Quindi, Fiaip pone l’accento sul fatto che Palazzo Chigi non ha abbassato le tasse negli ultimi anni: “In Italia la tassazione è al 42,6% per l’Ocse, mentre nel 2014 la pressione fiscale è arrivata al 43,5%, come di recente è stato certificato, perfino dall’Istat. E finora abbiamo visto un vergognoso aumento del 178% delle imposte sulla casa, che ha prodotto conseguenze disastrose per gli italiani in termini di impoverimento e di riduzione dei consumi”.
Quindi, tornando allo specifico della local tax, Righi commenta: “La tassazione unica non può ridursi al mero accorpamento di Imu e Tasi. Dopo il pasticcio del 2012 sarebbe auspicabile l’introduzione di un tributo unico che, semplificando il caos fiscale sulle imposte immobiliari, diminuisca sensibilmente la pressione fiscale sulla casa. Ci auguriamo che il governo non stia per confezionare un altro aumento di imposte a carico dei cittadini e delle imprese con una super tassa comunale che si potrebbe configurare come l’ennesima aggressione fiscale sugli immobili. Sarebbe inaccettabile alzare ancora le imposte sulla casa, dopo che negli ultimi anni i governi Monti, Letta e ora Renzi hanno già triplicato gli stessi prelievi. Gli italiani, le famiglie e i cittadini non vogliono più veder la casa trattata come un bancomat per far cassa per lo Stato e gli Enti locali”.
COSÌ ASSOEDILIZIA
“Dato il pregresso, c’è inevitabilmente il sospetto che la revisione allo studio, con la local tax che dovrebbe sostituire l’Imu, la Tasi e possibilmente altri tributi locali per semplificare e razionalizzare il sistema, sia l’occasione per ritoccare in peggio la fiscalità immobiliare”. Ad esprimere scetticismo è il presidente di Assoedilizia, Achille Colombo Clerici.

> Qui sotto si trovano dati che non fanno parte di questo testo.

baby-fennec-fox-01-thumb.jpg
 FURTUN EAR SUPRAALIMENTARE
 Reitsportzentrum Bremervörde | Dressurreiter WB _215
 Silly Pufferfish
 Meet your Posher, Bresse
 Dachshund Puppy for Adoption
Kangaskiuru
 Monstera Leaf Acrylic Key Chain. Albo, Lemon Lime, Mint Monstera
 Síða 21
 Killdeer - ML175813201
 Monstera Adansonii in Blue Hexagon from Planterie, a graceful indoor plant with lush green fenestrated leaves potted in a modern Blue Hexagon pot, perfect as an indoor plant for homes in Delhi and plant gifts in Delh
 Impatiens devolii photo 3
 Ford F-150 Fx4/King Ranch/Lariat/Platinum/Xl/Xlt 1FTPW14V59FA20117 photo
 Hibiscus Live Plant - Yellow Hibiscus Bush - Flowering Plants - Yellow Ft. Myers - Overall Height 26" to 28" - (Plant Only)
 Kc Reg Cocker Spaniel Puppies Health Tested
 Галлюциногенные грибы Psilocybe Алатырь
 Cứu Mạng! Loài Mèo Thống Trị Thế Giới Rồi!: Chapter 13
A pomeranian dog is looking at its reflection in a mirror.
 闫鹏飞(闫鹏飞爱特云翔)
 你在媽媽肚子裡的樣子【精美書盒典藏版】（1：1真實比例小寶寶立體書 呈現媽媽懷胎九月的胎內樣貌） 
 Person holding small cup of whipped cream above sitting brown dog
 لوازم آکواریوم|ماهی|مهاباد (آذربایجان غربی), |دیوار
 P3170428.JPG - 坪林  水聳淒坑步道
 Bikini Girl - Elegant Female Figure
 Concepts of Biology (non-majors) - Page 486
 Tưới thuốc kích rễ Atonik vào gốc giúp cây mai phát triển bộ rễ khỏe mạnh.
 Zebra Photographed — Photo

“Certo, una bella rimescolata di carte può servire a confondere le acque a questi fini. La vera riforma della local tax dovrebbe viceversa portare, più che all’accorpamento dei diversi tributi esistenti, alla revisione del presupposto impositivo. Le imposte locali sono destinate a finanziare i servizi comunali. E quindi debbono esser poste a carico non di chi possiede l’immobile, ma di colui che, occupando lo stesso, fruisce in pratica dei servizi stessi. Questo meccanismo consentirebbe anche una maggior corrispondenza del gettito del tributo all’entità del fabbisogno finanziario dei comuni. Così avviene all’estero, dove, ad esempio in Inghilterra con la Council Tax, si ottengono gettiti fiscali assai congruenti con la spesa pubblica”.